(DATASET EXTRACT begins)

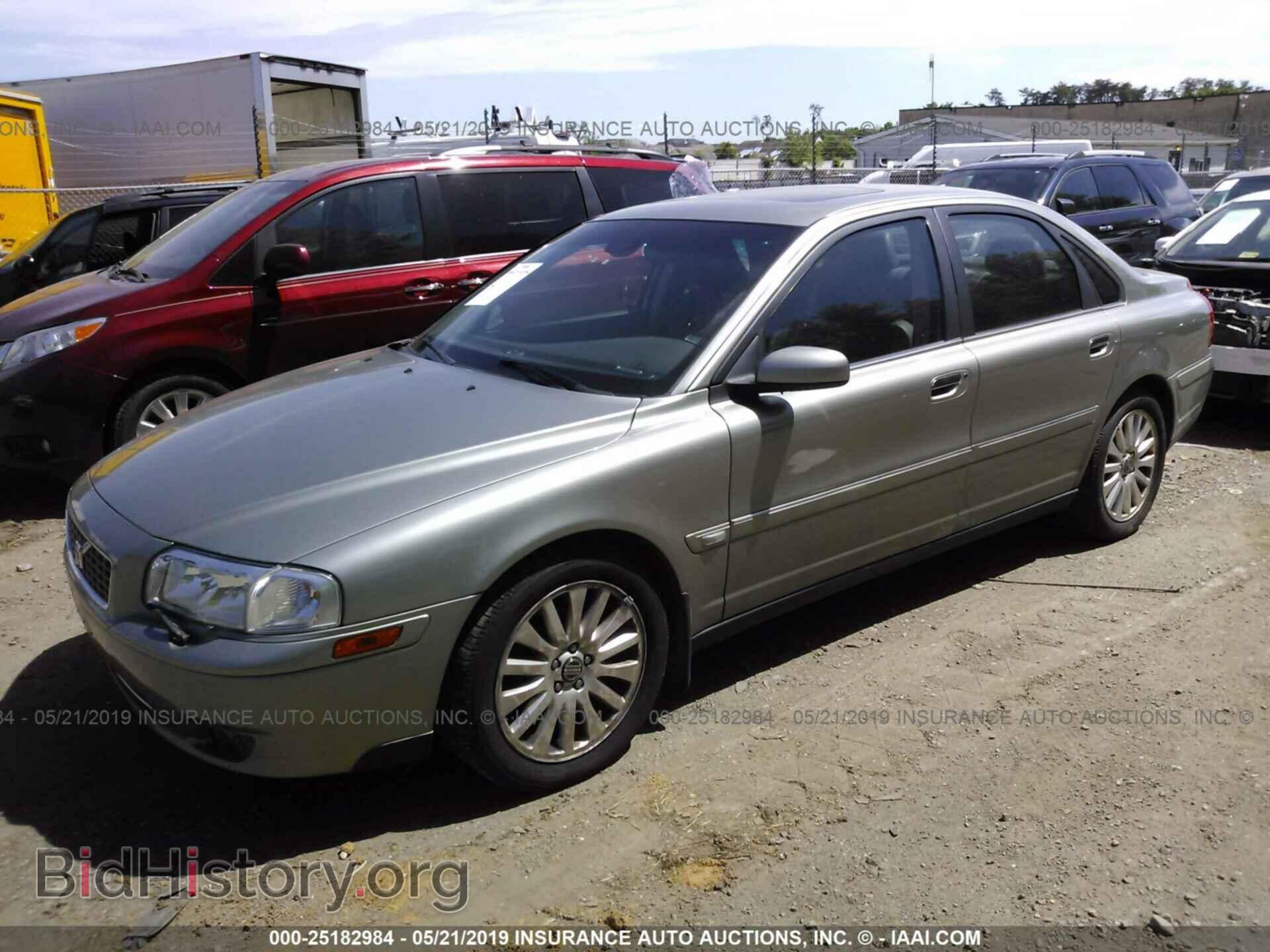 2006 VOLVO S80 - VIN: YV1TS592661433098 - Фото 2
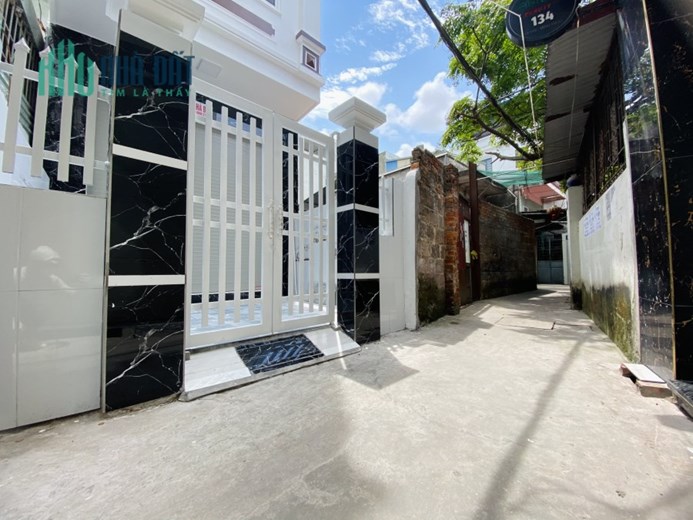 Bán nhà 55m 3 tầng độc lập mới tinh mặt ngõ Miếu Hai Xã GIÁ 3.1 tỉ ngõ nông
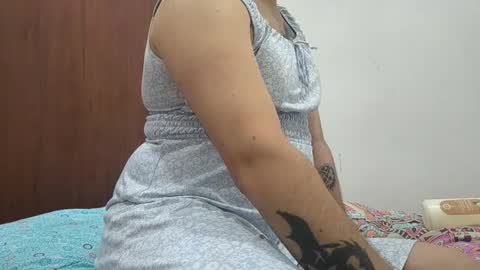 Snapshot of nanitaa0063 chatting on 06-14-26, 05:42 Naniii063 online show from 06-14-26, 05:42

(DATASET EXTRACT ends)

● EXERCISE DESCRIPTION:
Your answer must be an exact copy of the listing, with every picture omitted.

● ANSWER AREA:
 2006 VOLVO S80 - VIN: YV1TS592661433098 - Фото 2
 Bán nhà 55m 3 tầng độc lập mới tinh mặt ngõ Miếu Hai Xã GIÁ 3.1 tỉ ngõ nông
 Snapshot of nanitaa0063 chatting on 06-14-26, 05:42 Naniii063 online show from 06-14-26, 05:42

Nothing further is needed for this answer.